Philosophier' Er nicht, Herr Schatz, und komm' Er her. Jetzt wird gefrühstückt. Jedes Ding hat seine Zeit.

素朴心理学、機械、機能主義 大沢 (1990)

  • 大沢秀介 (1990) 「素朴心理学は還元されうるか」, 『現代思想』 18, (7) : 134-142

 機能主義と消去主義的唯物論が折り合わないことを述べた論文です。3節に興味深い論点があったのでメモします。

 機能主義は素朴心理学に組み込まれている機械の概念に依存している。

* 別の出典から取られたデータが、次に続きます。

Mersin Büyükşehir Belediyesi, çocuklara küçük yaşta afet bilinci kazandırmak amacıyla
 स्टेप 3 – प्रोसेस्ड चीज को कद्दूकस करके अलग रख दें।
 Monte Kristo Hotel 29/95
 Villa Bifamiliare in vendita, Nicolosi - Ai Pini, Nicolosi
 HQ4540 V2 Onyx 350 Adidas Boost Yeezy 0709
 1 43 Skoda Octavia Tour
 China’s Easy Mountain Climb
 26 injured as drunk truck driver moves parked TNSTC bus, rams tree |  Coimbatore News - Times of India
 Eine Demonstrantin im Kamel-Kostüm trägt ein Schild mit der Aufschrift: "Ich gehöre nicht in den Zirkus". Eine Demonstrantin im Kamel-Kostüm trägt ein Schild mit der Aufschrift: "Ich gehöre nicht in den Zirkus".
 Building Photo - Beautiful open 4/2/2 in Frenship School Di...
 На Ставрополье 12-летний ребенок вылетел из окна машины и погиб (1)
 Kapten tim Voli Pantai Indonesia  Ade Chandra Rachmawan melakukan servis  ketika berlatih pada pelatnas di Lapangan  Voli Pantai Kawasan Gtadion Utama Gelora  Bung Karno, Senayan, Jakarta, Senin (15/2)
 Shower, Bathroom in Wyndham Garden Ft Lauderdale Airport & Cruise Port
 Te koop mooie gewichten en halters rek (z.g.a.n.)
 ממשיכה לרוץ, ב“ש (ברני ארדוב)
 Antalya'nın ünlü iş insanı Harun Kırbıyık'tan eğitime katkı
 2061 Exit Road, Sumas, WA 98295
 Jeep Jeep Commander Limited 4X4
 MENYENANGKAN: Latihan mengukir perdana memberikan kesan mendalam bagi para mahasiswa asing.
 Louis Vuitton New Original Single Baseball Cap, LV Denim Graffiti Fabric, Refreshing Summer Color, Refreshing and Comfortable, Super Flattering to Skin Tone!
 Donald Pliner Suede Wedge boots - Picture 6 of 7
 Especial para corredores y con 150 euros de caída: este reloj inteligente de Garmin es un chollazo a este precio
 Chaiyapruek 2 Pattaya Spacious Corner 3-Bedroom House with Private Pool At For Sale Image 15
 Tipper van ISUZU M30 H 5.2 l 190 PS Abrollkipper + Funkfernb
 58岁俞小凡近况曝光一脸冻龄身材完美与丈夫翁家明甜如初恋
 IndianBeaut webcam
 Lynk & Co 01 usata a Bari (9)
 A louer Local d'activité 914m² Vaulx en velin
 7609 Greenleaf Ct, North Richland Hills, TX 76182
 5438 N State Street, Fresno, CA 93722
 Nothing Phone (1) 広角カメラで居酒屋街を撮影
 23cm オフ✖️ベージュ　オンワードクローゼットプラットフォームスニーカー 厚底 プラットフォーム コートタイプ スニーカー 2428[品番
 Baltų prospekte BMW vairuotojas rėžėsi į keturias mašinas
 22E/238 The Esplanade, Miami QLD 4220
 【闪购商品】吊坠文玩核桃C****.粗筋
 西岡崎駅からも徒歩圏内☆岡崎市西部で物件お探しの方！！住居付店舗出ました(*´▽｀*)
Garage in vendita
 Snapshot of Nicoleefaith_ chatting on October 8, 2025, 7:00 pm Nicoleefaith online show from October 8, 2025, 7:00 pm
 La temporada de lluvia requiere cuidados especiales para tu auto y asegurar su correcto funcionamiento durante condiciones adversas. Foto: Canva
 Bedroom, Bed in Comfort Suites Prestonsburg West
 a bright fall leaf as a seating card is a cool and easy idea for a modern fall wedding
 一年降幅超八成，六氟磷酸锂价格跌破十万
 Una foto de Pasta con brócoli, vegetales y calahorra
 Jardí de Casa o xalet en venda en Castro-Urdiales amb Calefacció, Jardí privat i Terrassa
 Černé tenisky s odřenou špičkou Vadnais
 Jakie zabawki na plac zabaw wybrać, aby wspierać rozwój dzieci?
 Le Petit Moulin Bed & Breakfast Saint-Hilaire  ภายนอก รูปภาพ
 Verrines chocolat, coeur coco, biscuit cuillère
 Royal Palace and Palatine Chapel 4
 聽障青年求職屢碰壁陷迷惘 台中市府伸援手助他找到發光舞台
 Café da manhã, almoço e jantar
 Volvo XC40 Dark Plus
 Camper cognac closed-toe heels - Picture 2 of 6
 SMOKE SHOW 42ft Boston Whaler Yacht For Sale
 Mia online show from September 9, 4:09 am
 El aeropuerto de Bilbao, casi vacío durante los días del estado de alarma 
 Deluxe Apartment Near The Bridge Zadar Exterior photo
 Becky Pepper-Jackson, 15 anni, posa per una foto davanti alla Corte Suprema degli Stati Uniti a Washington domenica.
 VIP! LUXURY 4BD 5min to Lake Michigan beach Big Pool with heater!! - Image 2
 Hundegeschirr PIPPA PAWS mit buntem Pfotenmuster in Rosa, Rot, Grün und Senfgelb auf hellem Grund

因果関係は反事実的条件法で表現可能なものでなければならないが、これは、条件を変化させることによって人間が操作可能なものでなければならないということでもあり、この意味で因果概念は操作に関連した素朴心理学的概念だと言える(see. Wright 1971)。そして、操作可能で閉じたシステムとしての因果的システムというのは「機械」概念の原型でもあり、この概念を人間の心に適用した時に機能主義が生まれるのだ。

 ところで、機械の運動の法則(機能)は自然法則ではありえず(壊れた機械も自然法則には従っている)、その使用目的に照らした解釈から切り離せない。自動車等はその目的が「固い素材」によって実現されてしまうので解釈の必要性を感じさせないが、機能主義者が心のモデルとするようなヴァーチャルマシーンは「柔らかい機械」であり、我々が明示的に解釈を与えてやる必要がある。そしてその解釈を支えるのは素朴心理学である。